Short descriptive text snippets:
_ _ _

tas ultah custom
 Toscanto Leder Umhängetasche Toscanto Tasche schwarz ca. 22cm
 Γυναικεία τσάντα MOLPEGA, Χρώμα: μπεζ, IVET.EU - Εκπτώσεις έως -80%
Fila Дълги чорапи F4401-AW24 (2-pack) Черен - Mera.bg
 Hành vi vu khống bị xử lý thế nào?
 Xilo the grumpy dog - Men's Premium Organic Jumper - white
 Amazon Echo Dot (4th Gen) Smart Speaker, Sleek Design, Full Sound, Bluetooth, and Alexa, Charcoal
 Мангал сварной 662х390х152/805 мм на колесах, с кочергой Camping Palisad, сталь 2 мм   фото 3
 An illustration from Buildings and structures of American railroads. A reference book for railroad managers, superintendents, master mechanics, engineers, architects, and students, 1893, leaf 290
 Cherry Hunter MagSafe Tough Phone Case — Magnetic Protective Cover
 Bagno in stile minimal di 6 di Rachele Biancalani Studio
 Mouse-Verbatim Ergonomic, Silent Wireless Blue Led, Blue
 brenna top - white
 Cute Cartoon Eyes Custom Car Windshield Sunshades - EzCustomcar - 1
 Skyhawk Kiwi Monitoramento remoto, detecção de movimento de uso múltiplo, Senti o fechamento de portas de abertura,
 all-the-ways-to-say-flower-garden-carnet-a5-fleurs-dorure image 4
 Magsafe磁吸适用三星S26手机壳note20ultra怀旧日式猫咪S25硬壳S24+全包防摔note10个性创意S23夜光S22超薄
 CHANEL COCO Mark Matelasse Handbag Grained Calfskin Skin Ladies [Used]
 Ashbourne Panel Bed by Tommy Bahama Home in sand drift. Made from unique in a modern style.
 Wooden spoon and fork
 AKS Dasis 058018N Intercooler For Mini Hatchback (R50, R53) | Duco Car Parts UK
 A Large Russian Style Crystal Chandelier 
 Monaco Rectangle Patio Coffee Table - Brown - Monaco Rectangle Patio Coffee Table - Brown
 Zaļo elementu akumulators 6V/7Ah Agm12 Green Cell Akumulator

_ _ _

◆ ASSIGNMENT ◆
Using the records above, select and copy every line that has the word "white".

◆ TASK OUTPUT ◆
 Xilo the grumpy dog - Men's Premium Organic Jumper - white
 brenna top - white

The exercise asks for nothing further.